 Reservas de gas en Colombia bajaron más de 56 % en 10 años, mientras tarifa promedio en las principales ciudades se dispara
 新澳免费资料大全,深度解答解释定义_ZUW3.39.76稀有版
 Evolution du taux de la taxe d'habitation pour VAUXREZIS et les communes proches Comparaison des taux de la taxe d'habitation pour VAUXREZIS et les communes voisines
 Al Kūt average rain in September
--*--
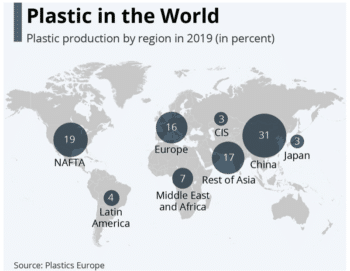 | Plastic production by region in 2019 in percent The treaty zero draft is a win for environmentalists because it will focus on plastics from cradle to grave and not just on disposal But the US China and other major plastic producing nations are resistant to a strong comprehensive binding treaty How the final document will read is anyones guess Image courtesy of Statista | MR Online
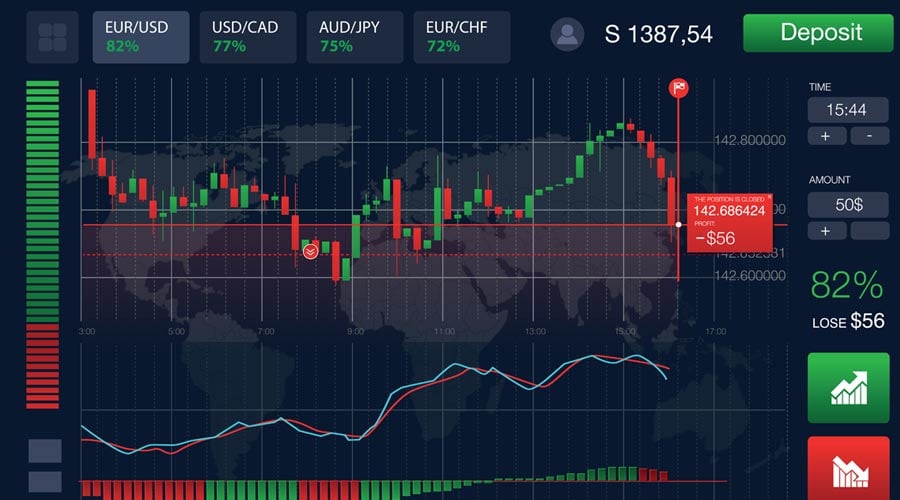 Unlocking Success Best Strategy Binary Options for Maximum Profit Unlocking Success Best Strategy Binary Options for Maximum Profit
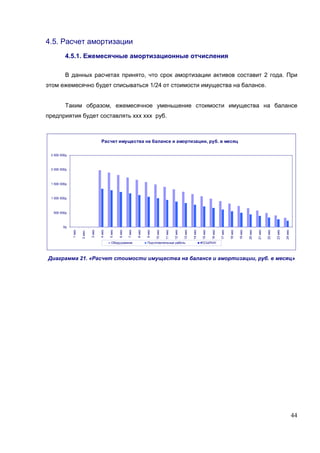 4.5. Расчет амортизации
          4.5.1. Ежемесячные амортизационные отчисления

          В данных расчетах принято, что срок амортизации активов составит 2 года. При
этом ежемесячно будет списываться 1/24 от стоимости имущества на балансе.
--*--
WORK REQUEST:
In the data above, which lines lie between the line with "В данных расчетах" and the line with "этом ежемесячно будет", inclusive? Print those lines exactly and nothing else.

REPLY:
          В данных расчетах принято, что срок амортизации активов составит 2 года. При
этом ежемесячно будет списываться 1/24 от стоимости имущества на балансе.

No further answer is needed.